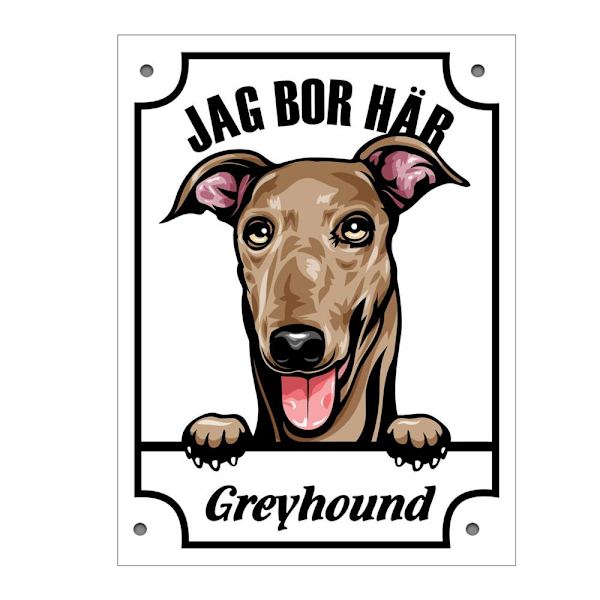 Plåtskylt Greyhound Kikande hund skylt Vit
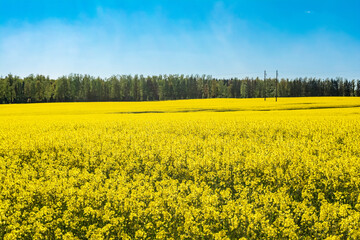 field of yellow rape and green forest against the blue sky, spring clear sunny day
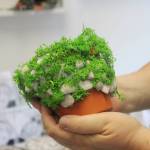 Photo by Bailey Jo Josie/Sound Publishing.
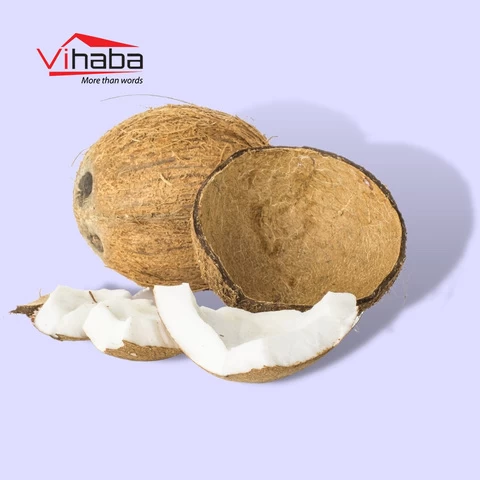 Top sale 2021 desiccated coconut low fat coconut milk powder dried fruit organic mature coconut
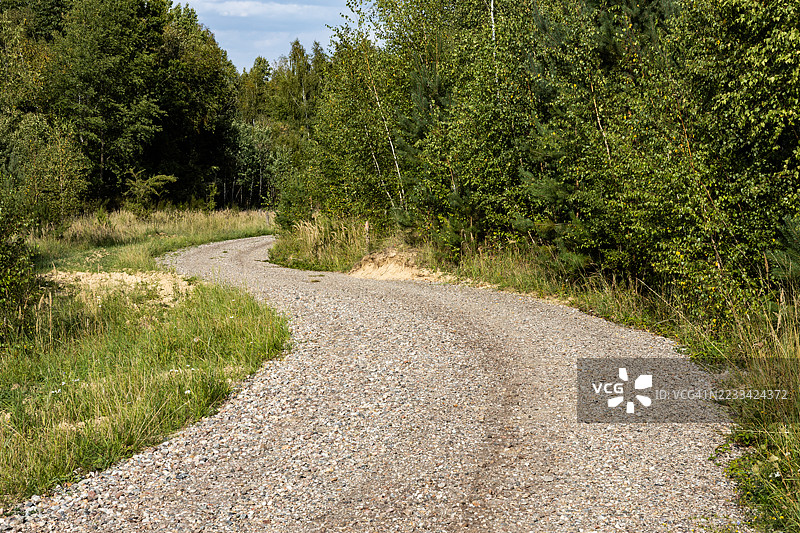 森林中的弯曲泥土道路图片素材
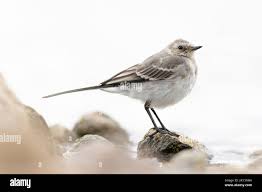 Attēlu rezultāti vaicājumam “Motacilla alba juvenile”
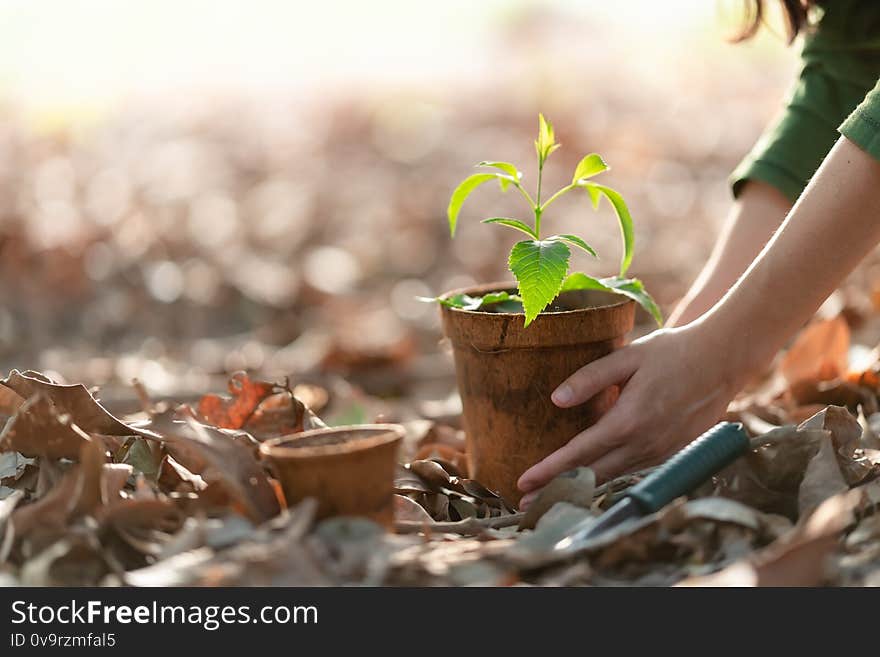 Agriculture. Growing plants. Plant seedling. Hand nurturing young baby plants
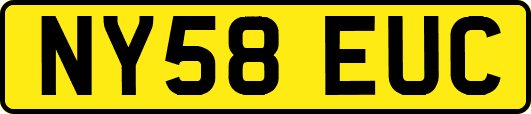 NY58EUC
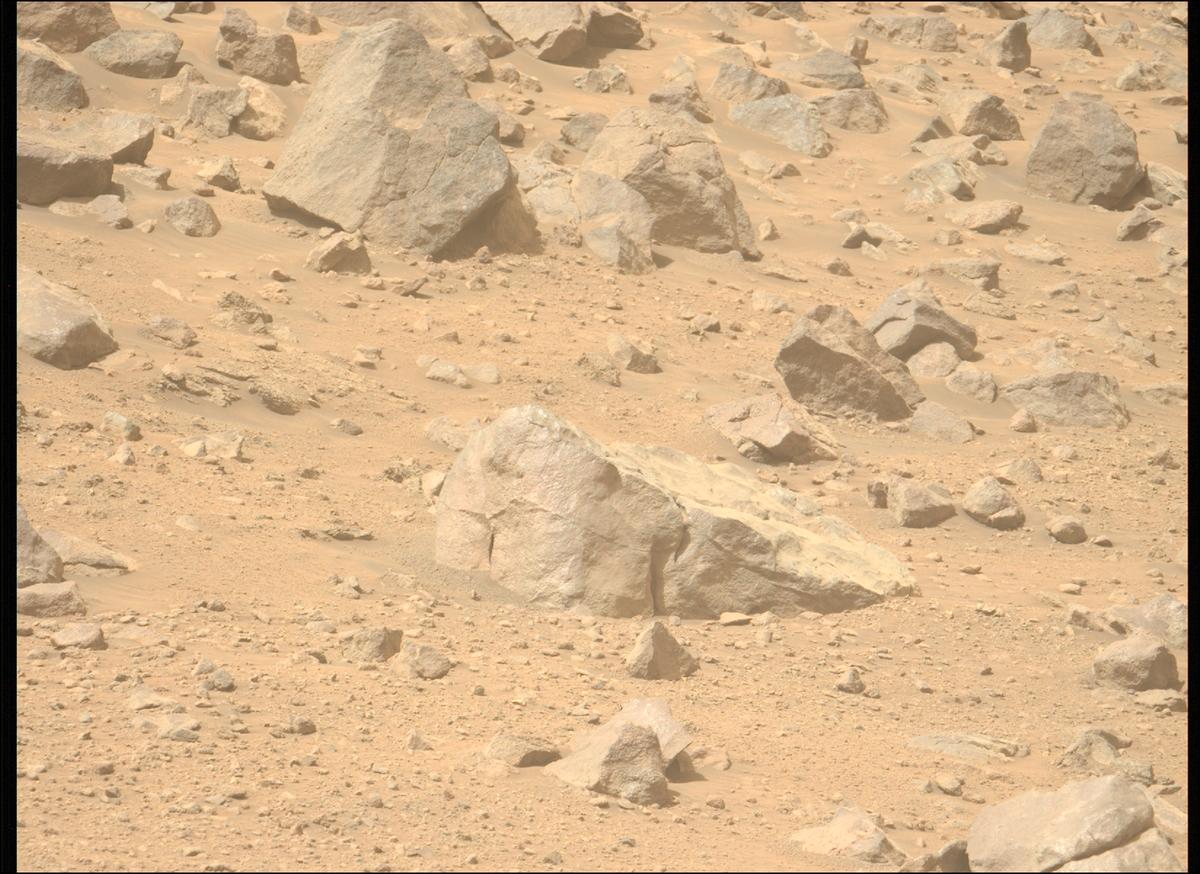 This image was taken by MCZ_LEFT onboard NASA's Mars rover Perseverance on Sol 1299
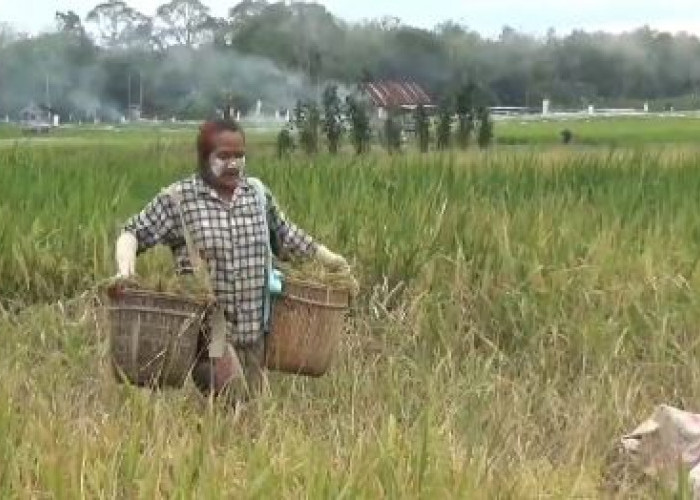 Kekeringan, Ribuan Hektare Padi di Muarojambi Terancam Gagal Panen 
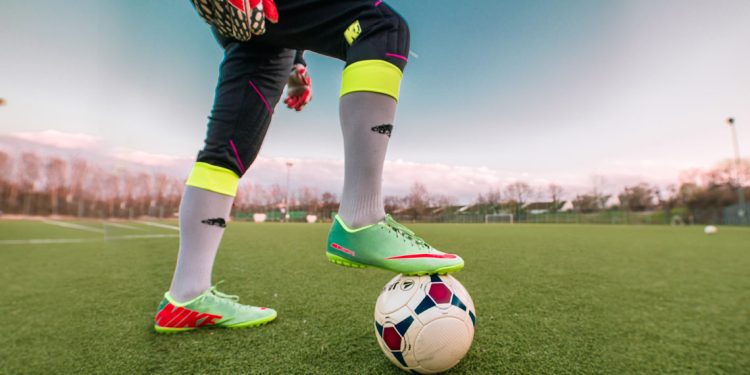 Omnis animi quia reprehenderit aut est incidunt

***

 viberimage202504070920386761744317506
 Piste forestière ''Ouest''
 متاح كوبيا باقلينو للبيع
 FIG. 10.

***

WORK REQUEST ▸
Whatever pictures the records hold, omit them; give again exactly the lines from the one containing "Attēlu rezultāti vaicājumam" through the one containing "Omnis animi quia".

THE COMPLETED TASK ▸
 Attēlu rezultāti vaicājumam “Motacilla alba juvenile”
 Agriculture. Growing plants. Plant seedling. Hand nurturing young baby plants
 NY58EUC
 This image was taken by MCZ_LEFT onboard NASA's Mars rover Perseverance on Sol 1299
 Kekeringan, Ribuan Hektare Padi di Muarojambi Terancam Gagal Panen 
 Omnis animi quia reprehenderit aut est incidunt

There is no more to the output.